> _Your objective_:
Wherever "photo" occurs in the entries, copy the line that holds it.

> _The records_:
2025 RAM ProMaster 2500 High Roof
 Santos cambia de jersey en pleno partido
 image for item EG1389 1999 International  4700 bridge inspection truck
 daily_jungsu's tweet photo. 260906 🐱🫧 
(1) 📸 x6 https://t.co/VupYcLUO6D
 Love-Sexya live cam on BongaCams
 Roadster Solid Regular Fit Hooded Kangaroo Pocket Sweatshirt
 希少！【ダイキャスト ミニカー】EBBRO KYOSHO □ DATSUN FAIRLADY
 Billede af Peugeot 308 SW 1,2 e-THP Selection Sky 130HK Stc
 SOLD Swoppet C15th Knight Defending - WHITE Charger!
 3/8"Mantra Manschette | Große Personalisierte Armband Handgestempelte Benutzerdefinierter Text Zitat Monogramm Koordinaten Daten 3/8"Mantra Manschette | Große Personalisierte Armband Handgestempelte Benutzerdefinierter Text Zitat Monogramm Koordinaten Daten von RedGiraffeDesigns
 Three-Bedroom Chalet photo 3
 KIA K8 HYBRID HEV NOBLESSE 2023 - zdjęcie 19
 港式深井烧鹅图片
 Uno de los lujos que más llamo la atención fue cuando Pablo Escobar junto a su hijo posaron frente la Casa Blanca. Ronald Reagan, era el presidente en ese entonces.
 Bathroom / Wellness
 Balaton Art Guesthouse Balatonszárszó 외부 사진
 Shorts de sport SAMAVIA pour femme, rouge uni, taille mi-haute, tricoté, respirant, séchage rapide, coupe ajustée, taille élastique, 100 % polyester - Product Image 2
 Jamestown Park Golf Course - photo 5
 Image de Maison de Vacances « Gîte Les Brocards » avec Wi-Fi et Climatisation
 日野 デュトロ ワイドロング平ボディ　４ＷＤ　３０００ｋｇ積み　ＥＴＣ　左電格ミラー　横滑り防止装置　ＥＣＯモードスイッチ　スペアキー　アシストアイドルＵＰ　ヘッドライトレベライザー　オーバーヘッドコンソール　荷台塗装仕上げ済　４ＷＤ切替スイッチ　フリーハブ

> _Expected answer_:
 daily_jungsu's tweet photo. 260906 🐱🫧 
 Three-Bedroom Chalet photo 3
 Jamestown Park Golf Course - photo 5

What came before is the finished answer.